WHAT THE TASK ASKS.
With any pictures left out, restate word for word the lines in the listing below from the one holding "con mallas de" through the last.
---------- SUPPLIED RECORDS ----------
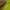 Dickies Streetwear Luxury Hoody Pria green photo 4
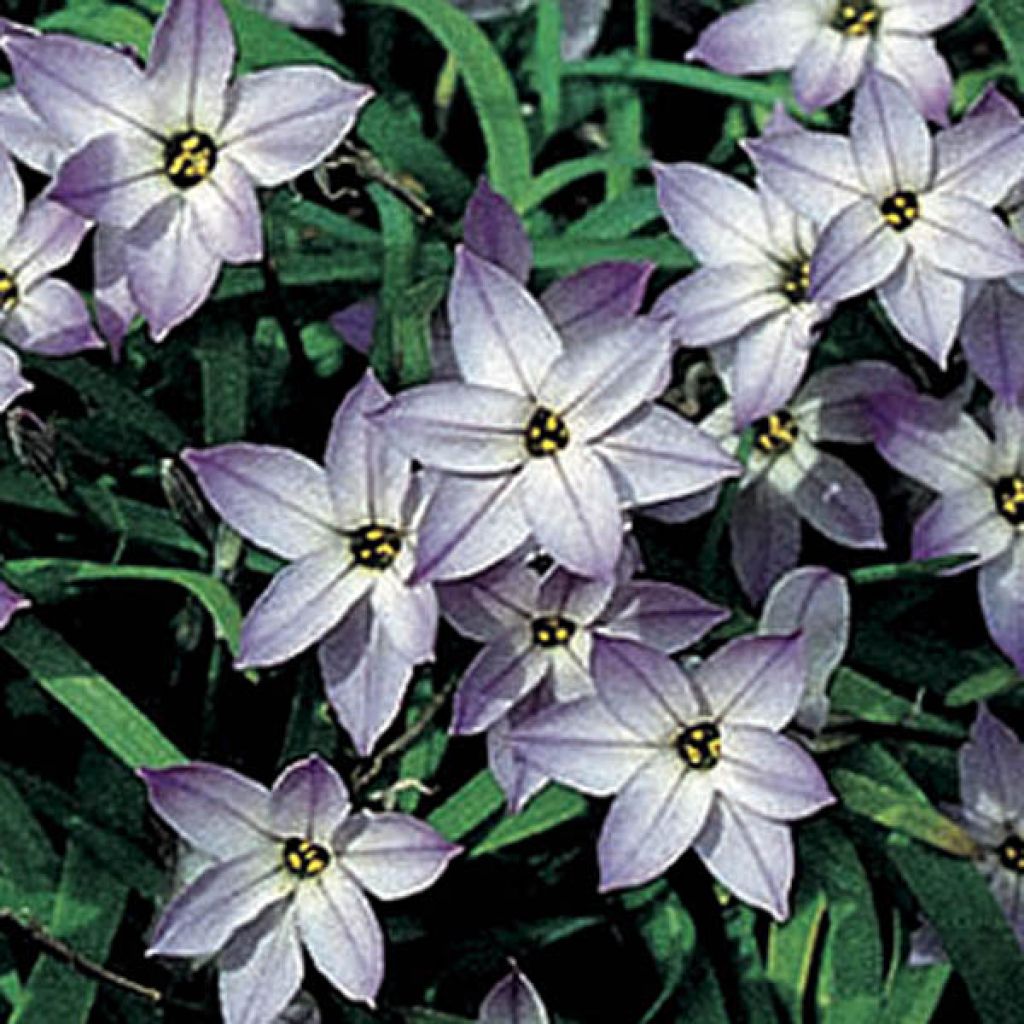 Heinätähti Wisley Blue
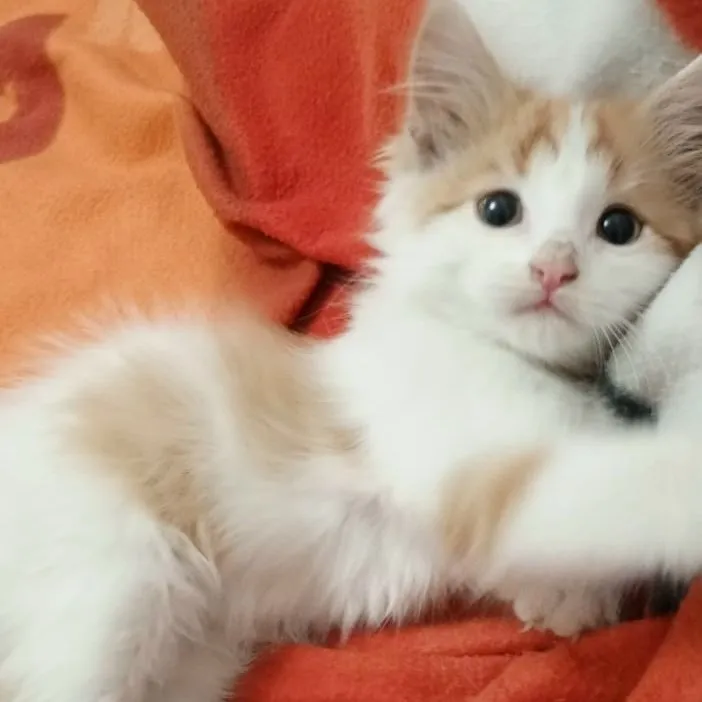 Котёнок ищет дом — Пятигорск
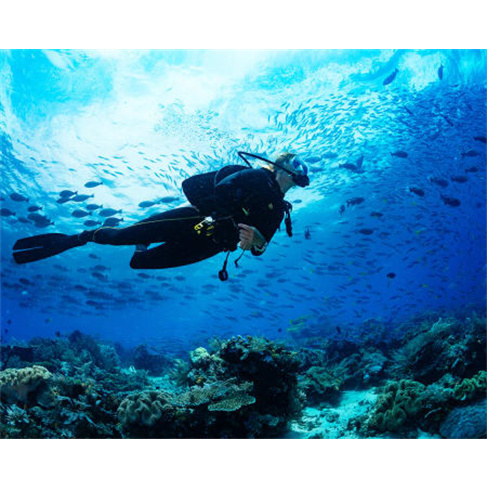 Baptismo de Mergulho no Mar...co | 4 Horas | Sesimbra Experiência para 2 Pessoa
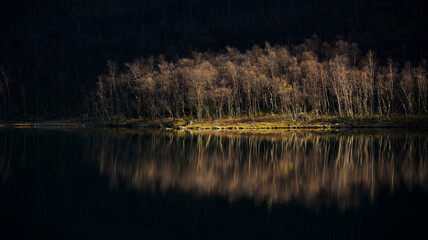 Sunlight Illuminating the Shore of the Norwegian Mountain Lake Hydalsvatnet in Hydalen, Hemsedal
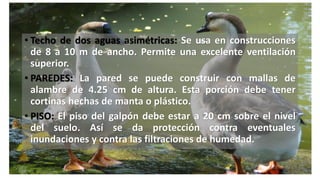 • Techo de dos aguas asimétricas: Se usa en construcciones
de 8 a 10 m de ancho. Permite una excelente ventilación
superior.
• PAREDES: La pared se puede construir con mallas de
alambre de 4.25 cm de altura. Esta porción debe tener
cortinas hechas de manta o plástico.
• PISO: El piso del galpón debe estar a 20 cm sobre el nivel
del suelo. Así se da protección contra eventuales
inundaciones y contra las filtraciones de humedad.
 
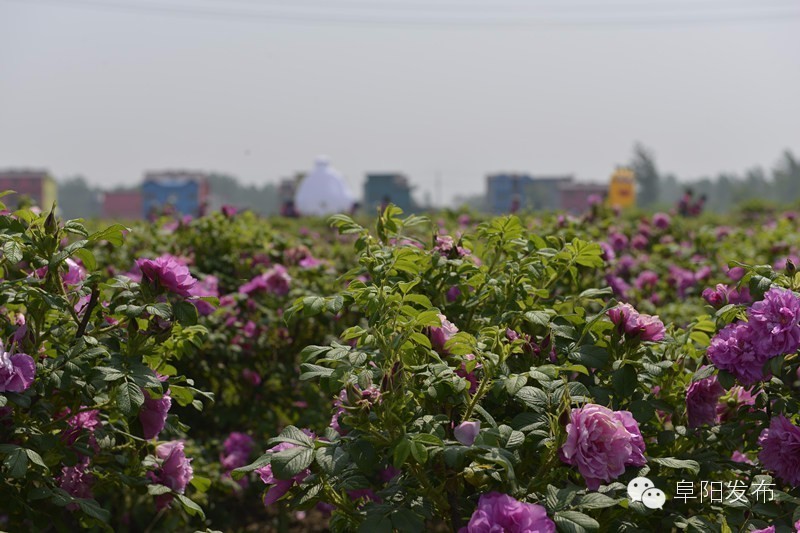 界首有个*瑰园玫**，美爆了！没去别后悔~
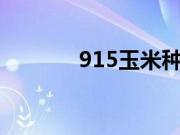 915玉米种简介（9158网站）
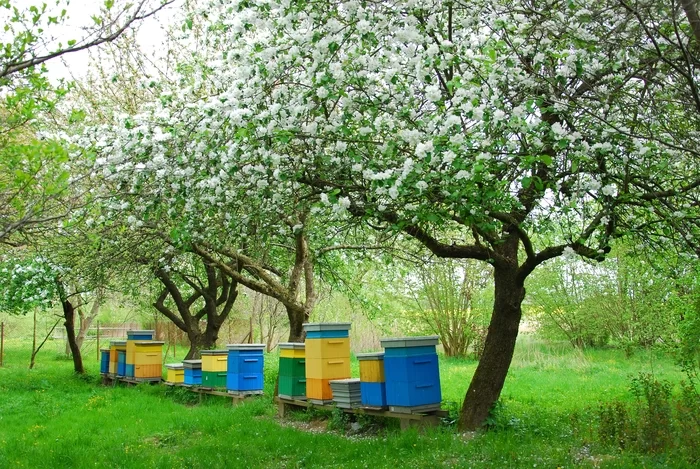 Пчеловодство для начинающих. Продукция пчеловодства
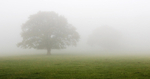 Tree in mist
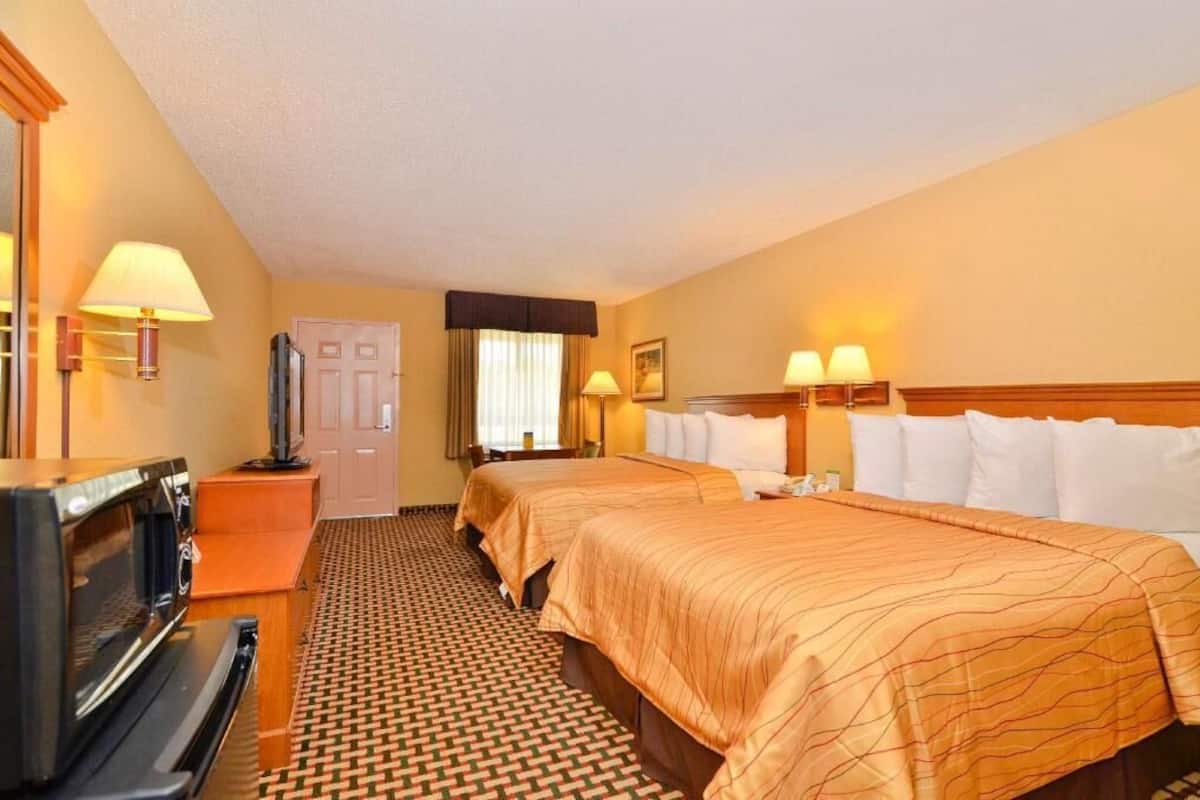 Ein Hotelzimmer mit zwei Betten, einem Fernseher, einer Mikrowelle und einem gemusterten Boden.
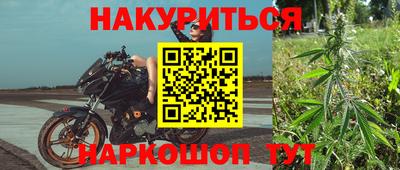 ПСИЛОЦИБИНОВЫЕ ГРИБЫ Камышлов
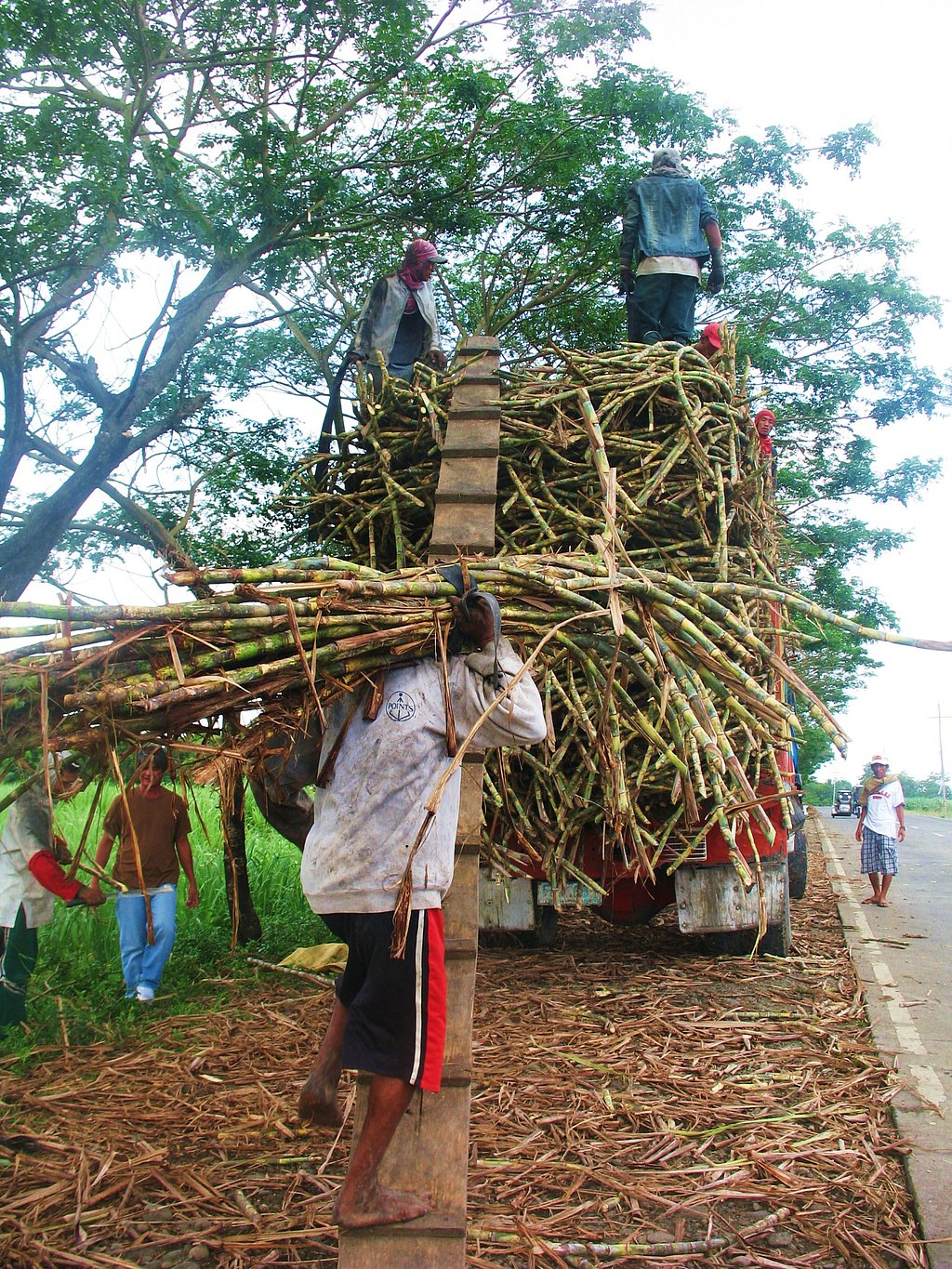 Filipino Food Month 2026: Connecting Southeast Asia, bridging heritage ...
----------
OUTPUT OF THE EXERCISE.
• PAREDES: La pared se puede construir con mallas de
alambre de 4.25 cm de altura. Esta porción debe tener
cortinas hechas de manta o plástico.
• PISO: El piso del galpón debe estar a 20 cm sobre el nivel
del suelo. Así se da protección contra eventuales
inundaciones y contra las filtraciones de humedad.
 
 界首有个*瑰园玫**，美爆了！没去别后悔~
 915玉米种简介（9158网站）
 Пчеловодство для начинающих. Продукция пчеловодства
 Tree in mist
 Ein Hotelzimmer mit zwei Betten, einem Fernseher, einer Mikrowelle und einem gemusterten Boden.
 ПСИЛОЦИБИНОВЫЕ ГРИБЫ Камышлов
 Filipino Food Month 2026: Connecting Southeast Asia, bridging heritage ...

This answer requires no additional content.